In my company, we currently have the following infrastructure:
- Ceph Luminous - OpenStack Pike.
We have a cluster of 3 osd nodes with the following configuration:
- 1 x Xeon (R) D-2146NT CPU @ 2.30GHz - 128GB RAM - 128GB ROOT DISK - 12 x 10TB SATA ST10000NM0146 (OSD) - 1 x Intel Optane P4800X SSD DC 375GB (block.DB / block.wal) - Ubuntu 16.04 - 2 X 10Gb network interface configured with lacp
The compute nodes have - 4 x 10Gb network interfaces with lacp.
We also have 4 monitors with: - 4 x 10Gb lacp network interfaces. - The monitor nodes are approx. 90% cpu idle time with 32GB / 256GB available RAM
For each OSD disk we have created a partition of 33GB to block.db and block.wal.
We are recently facing a number of performance issues. Virtual machines created in OpenStack are experiencing slow writing issues (approx. 50MB / s).
The OSD nodes monitoring incur an average of 20% cpu IOwait time and 70 cpu idle time. The memory consumption is around 30% consumption. We have no latency issues (9ms average)
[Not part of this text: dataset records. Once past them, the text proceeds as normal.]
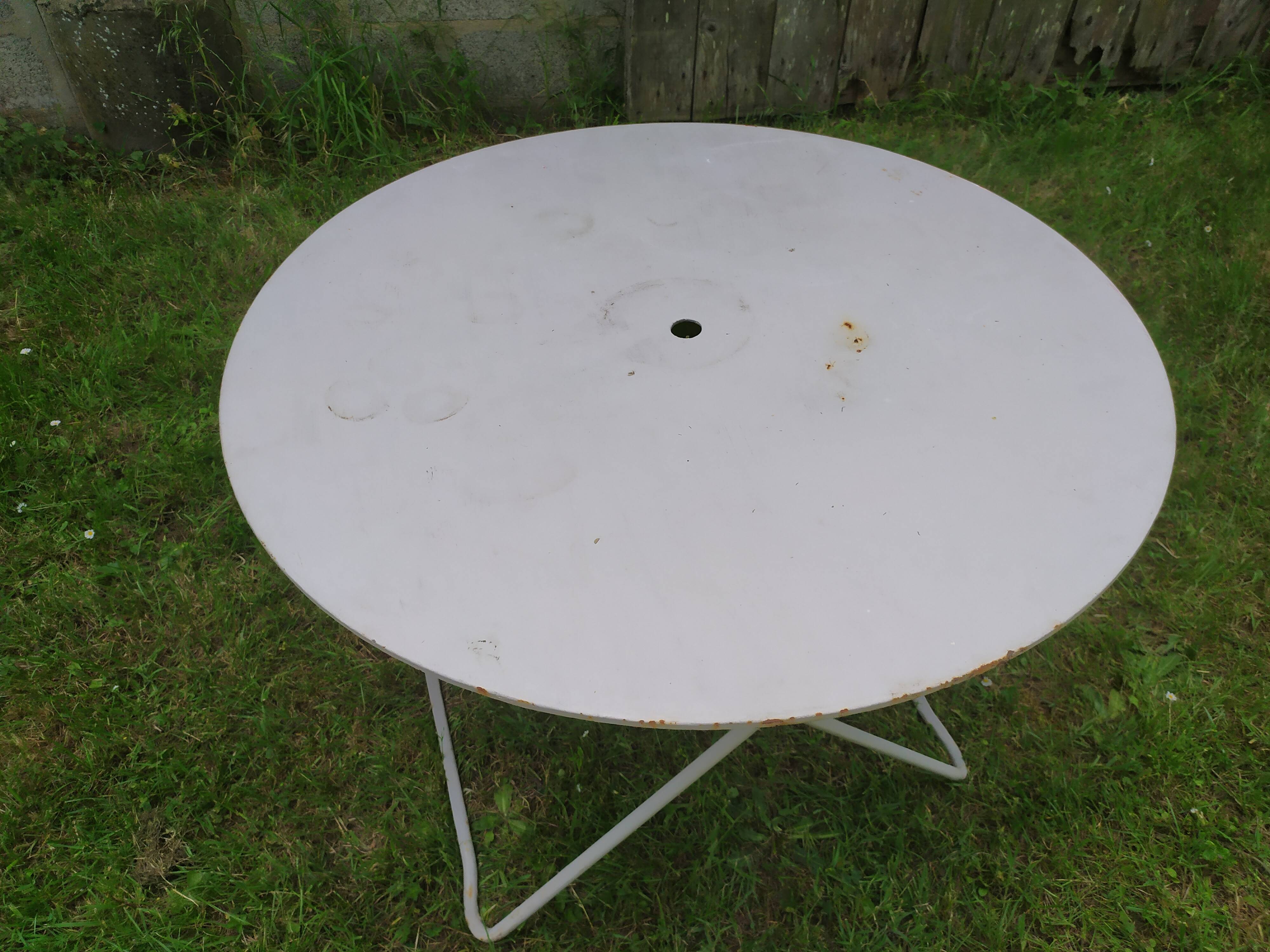 Iron garden table
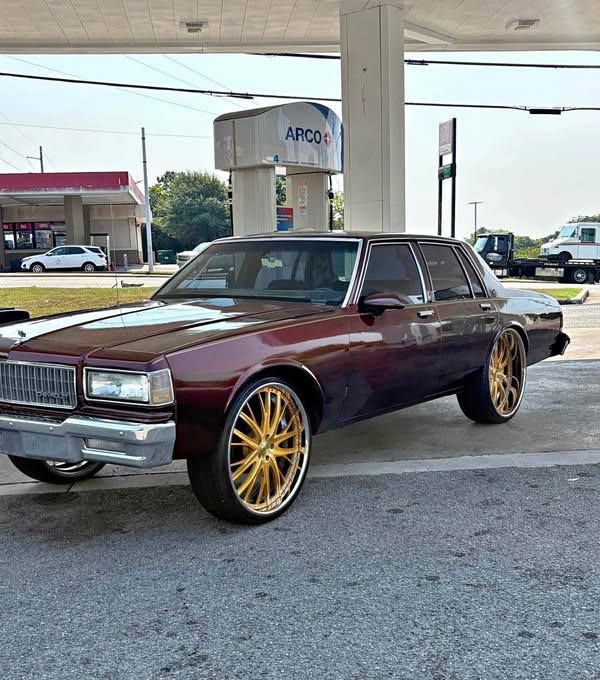 1989 Chevrolet Caprice Classic - Sedan 4D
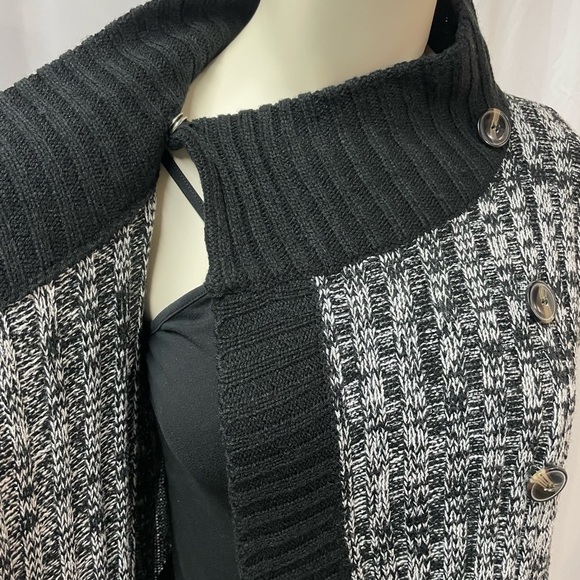 Beechers Brook Knit Cardigan, Button Up, Black and Grey, Size Med​ium - Picture 3 of 9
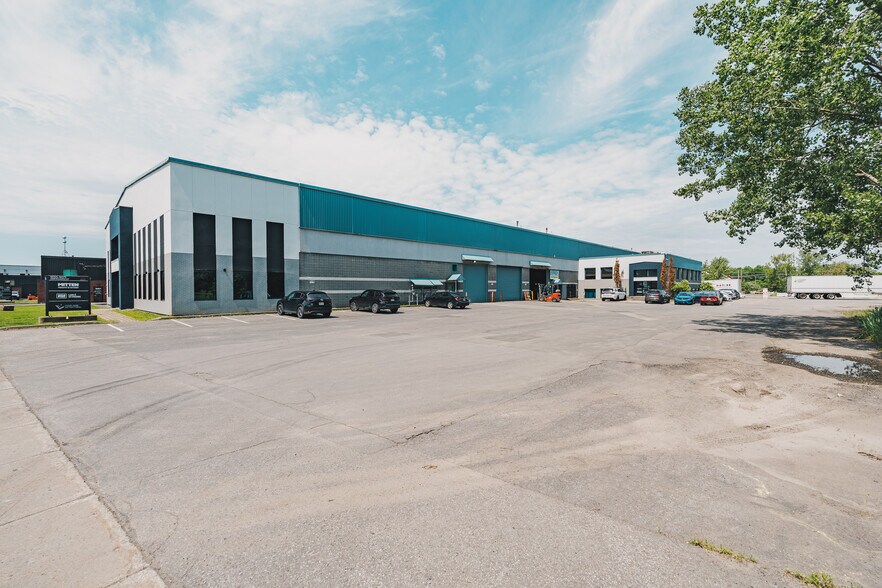 More Photos Of 9055 Boul Henri-Bourassa E, Montréal Industrial For Lease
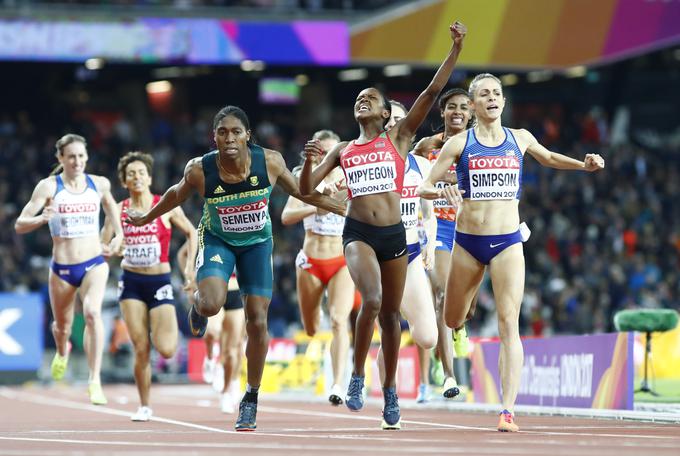 Takole je Južnoafričanka v zadnjih metrih prišla do brona. Zmagala je Kenijka Faith Kipyegon. | Foto: Reuters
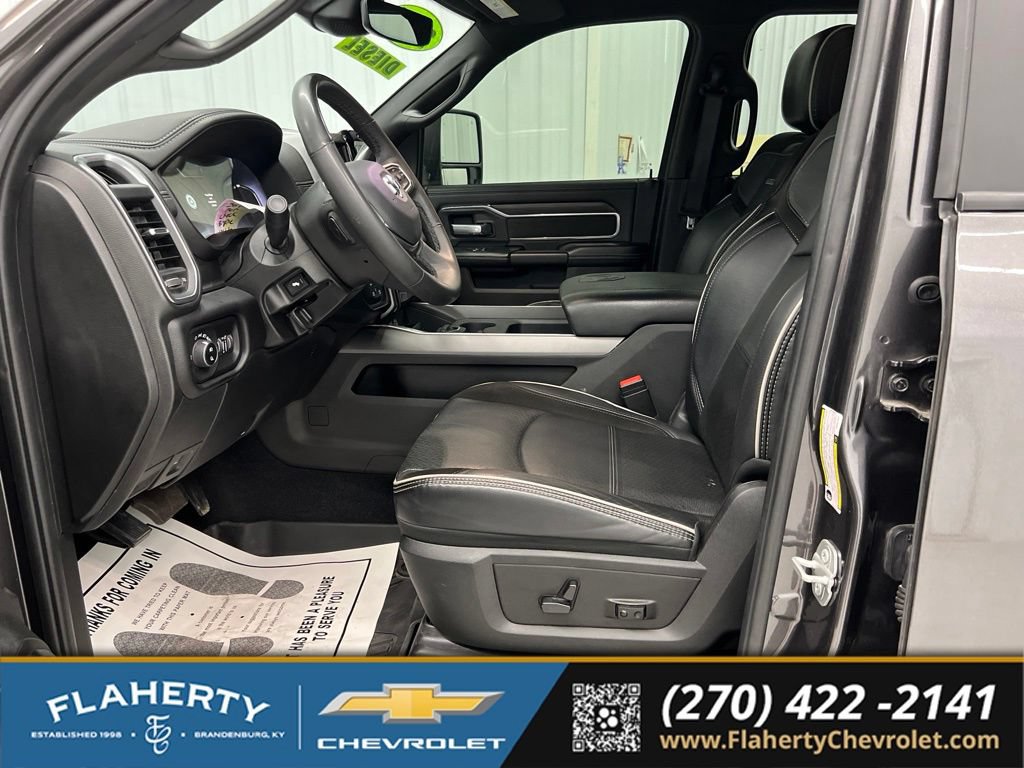 Used 2025 RAM 3500 Laramie w/ Max Tow Package AWD/4WD image 9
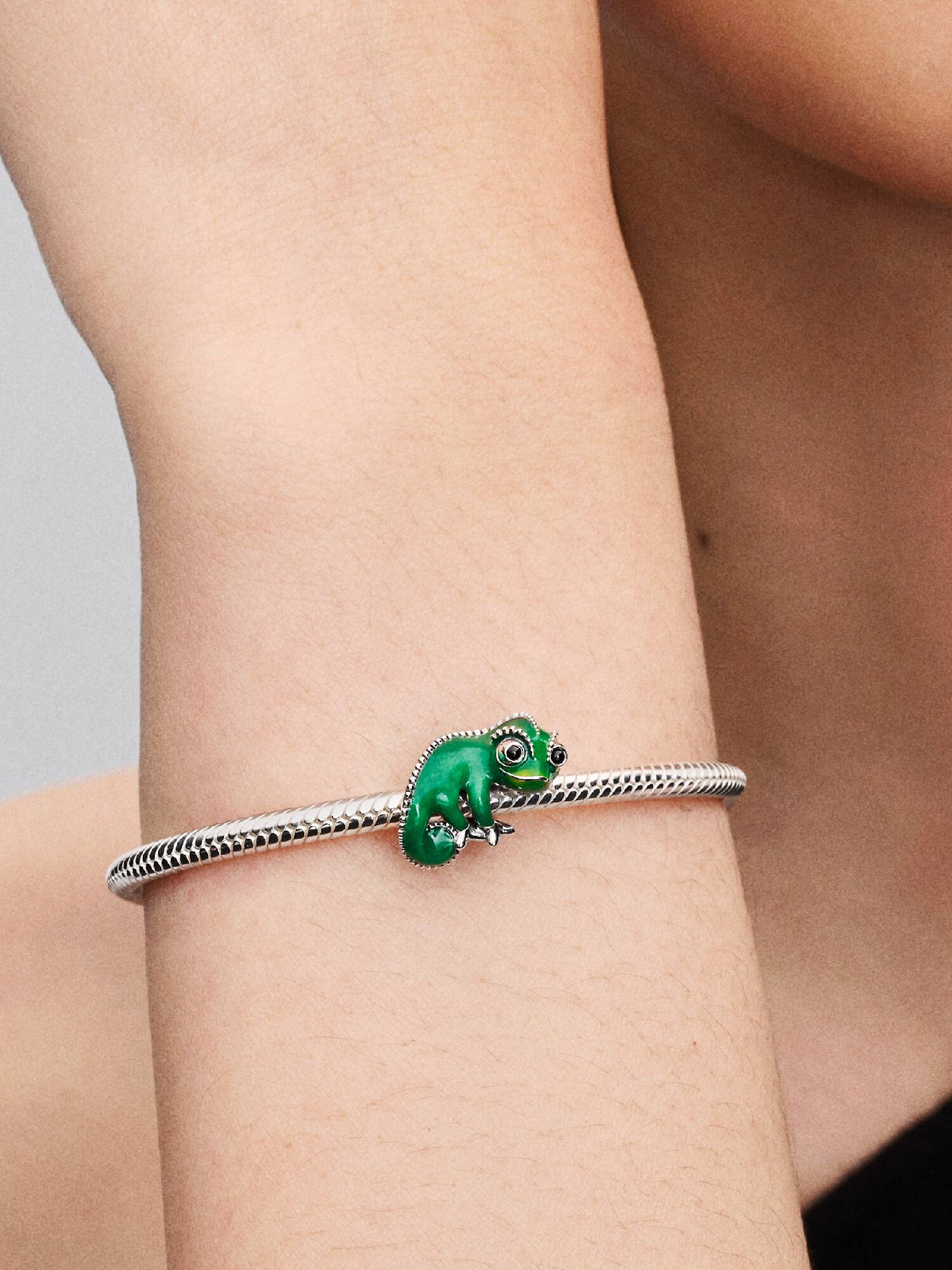 Disney Rapunzel neu verföhnt Pascal Farbwechselndes Charm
My question is if what is happening may have to do with the amount of disk dedicated to DB / WAL. In the CEPH documentation it says it is recommended that the block.db size is not smaller than 4% of block.
In this case for each disk in my environment block.db could not be less than 400GB / OSD.
Another question is if I set my disks to use block.db / block.wal on the mechanical disks themselves, if that could lead to a performance degradation.